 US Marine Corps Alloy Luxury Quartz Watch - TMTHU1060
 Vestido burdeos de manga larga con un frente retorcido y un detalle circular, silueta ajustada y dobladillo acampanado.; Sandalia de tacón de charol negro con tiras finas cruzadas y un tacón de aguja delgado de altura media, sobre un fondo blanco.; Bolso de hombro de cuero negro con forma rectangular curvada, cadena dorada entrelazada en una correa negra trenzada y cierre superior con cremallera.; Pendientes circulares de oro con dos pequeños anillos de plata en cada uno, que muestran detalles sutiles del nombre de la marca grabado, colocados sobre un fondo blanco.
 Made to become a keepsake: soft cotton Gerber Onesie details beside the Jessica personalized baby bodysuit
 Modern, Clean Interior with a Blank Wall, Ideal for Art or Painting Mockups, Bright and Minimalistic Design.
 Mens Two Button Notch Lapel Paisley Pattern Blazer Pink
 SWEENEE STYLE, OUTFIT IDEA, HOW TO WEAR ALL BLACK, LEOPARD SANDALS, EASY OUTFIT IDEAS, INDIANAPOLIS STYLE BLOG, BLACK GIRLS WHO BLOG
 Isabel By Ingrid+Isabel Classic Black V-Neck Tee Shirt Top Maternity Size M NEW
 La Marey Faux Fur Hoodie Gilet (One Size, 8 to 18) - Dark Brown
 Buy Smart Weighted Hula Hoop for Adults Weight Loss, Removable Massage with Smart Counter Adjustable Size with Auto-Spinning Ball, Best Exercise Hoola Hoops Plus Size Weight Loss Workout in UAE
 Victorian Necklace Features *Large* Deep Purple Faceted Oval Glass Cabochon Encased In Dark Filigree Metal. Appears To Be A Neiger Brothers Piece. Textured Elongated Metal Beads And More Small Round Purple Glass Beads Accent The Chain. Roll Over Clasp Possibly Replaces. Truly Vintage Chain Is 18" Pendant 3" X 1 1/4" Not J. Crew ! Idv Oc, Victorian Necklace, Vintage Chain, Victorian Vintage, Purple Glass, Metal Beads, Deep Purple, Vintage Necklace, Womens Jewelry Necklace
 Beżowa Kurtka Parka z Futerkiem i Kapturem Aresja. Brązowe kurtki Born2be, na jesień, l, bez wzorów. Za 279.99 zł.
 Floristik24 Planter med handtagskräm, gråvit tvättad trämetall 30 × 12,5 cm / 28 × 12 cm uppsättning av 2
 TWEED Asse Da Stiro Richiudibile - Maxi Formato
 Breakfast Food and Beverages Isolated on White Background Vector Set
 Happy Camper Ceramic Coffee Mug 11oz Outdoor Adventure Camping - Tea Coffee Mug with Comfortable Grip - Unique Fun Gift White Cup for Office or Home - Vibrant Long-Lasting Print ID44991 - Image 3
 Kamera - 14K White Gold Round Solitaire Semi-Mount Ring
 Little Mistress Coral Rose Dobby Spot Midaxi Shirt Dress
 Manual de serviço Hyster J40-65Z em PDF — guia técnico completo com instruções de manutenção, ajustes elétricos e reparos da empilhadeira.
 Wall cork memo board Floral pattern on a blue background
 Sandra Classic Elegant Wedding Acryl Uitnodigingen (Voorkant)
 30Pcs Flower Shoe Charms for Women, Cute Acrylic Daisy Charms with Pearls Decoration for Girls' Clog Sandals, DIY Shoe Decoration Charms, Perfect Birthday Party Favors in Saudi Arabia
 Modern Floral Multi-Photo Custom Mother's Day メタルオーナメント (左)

= = = =

**What the task requires**
Look above for the line containing "TWEED Asse Da" and the line containing "Wall cork memo". Transcribe both, with the lines between them, exactly.

**Exercise output**
 TWEED Asse Da Stiro Richiudibile - Maxi Formato
 Breakfast Food and Beverages Isolated on White Background Vector Set
 Happy Camper Ceramic Coffee Mug 11oz Outdoor Adventure Camping - Tea Coffee Mug with Comfortable Grip - Unique Fun Gift White Cup for Office or Home - Vibrant Long-Lasting Print ID44991 - Image 3
 Kamera - 14K White Gold Round Solitaire Semi-Mount Ring
 Little Mistress Coral Rose Dobby Spot Midaxi Shirt Dress
 Manual de serviço Hyster J40-65Z em PDF — guia técnico completo com instruções de manutenção, ajustes elétricos e reparos da empilhadeira.
 Wall cork memo board Floral pattern on a blue background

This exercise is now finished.